Kurz: Die Schweiz und ihr Finanzplatz haben den Untergang der Credit Suisse längst nicht verarbeitet. Und sie hat, konfrontiert mit dem neuen Mega-Klumpenrisiko für die Volkswirtschaft, noch überhaupt keine Ahnung, wie sie mit der Super-Bank umgehen soll. Man hat sich erstmal auf eine parlamentarische Untersuchungskommission verständigt. Aber was passiert dann? Ein paar Personal-Rochaden bei der Finma? Pflästerli-Politik à la bernoise. Die Eigenkapitalvorschriften künftig derart in die Höhe schrauben, dass die Bank das Weite sucht? Will man wohl eher auch nicht.

Als sicher kann gelten: Der Druck, dass die Behörden bei künftigen ähnlichen Fällen früher handeln müssen, wird in der Schweiz zweifellos zunehmen. Die USA lieferten bei der Krise der Silicon Valley Bank das Beispiel.

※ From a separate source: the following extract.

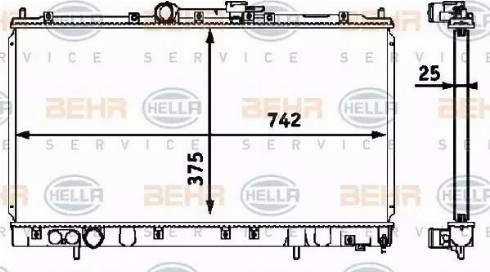 HELLA 8MK 376 718-511 - Радиатор, охлаждане на двигателя vvparts.bg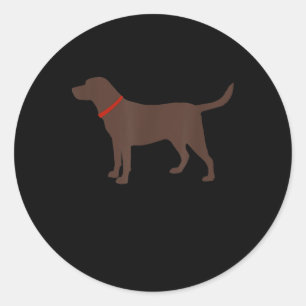 Adesivo Redondo Cachorro Chocolate Labrador Cão Silhouette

Das Finanzministerium, die Notenbank und die Einlagensicherung schritten früh ein und gaben gemeinsam Garantien und vollständige Schutzzusicherung für die Kundeneinlagen von Banken ab. Man kann das gut finden - oder nicht. Denn schlechtes unternehmerisches Wirtschaften wird so natürlich nicht bestraft - und ein solches Einschreiten in die Märkte sendet die dümmsten Signale an systemrelevante Unternehmen. Dennoch drohen ordnungspolitische Sündenfälle von von Behörden und Notenbanken zum Normalfall zu werden.

Dann noch ein drittes Zitat: «Wir sind von der Schnelligkeit, mit der sich die Krise verschlechterte, überrascht worden.» Nein, diese Aussage wurde nicht an der Medienkonferenz vom 20. März 2023 bei der Zwangshochzeit UBS und Credit Suisse getätigt. Das Zitat stammt vom damaligen Bundespräsidenten Pascal Couchepin beim «Bailout» der UBS aus dem Jahr 2008. Die Schweiz hat zwar noch keine Ahnung, wie sie mit der neuen UBS umgehen soll. Aber ein drittes Mal will sie dieses Zitat nicht hören wollen.